- [PROBLEM] Once the line containing "Small Storage Baskets" is found in the material below, it and every line after it should be transcribed exactly, with pictures left out and nothing added.

- [RECORDED DATA]
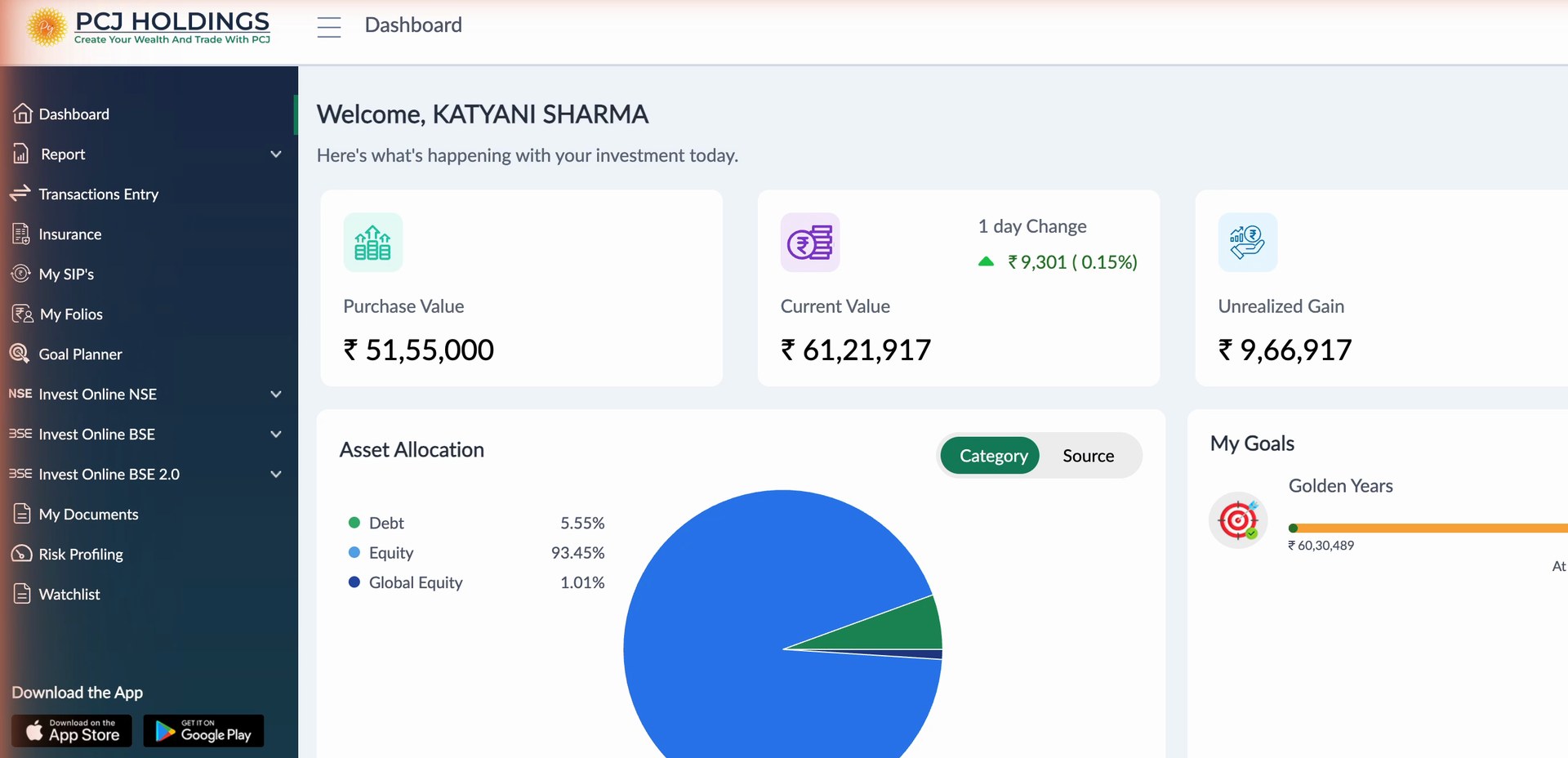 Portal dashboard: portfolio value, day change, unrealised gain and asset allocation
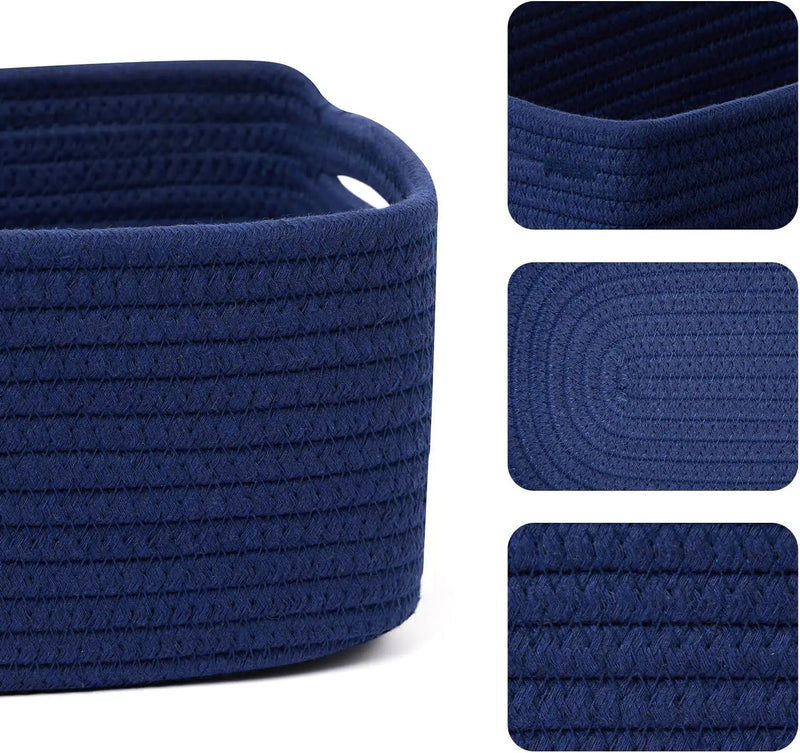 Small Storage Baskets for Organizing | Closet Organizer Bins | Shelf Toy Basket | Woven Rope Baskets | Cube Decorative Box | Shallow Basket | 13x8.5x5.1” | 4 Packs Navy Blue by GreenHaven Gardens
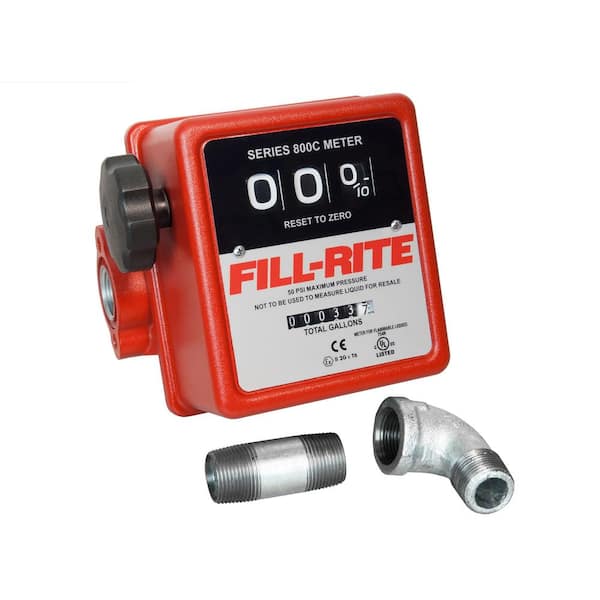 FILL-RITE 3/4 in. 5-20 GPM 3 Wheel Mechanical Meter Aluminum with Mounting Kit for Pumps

- [ANSWER BOX]
 Small Storage Baskets for Organizing | Closet Organizer Bins | Shelf Toy Basket | Woven Rope Baskets | Cube Decorative Box | Shallow Basket | 13x8.5x5.1” | 4 Packs Navy Blue by GreenHaven Gardens
 FILL-RITE 3/4 in. 5-20 GPM 3 Wheel Mechanical Meter Aluminum with Mounting Kit for Pumps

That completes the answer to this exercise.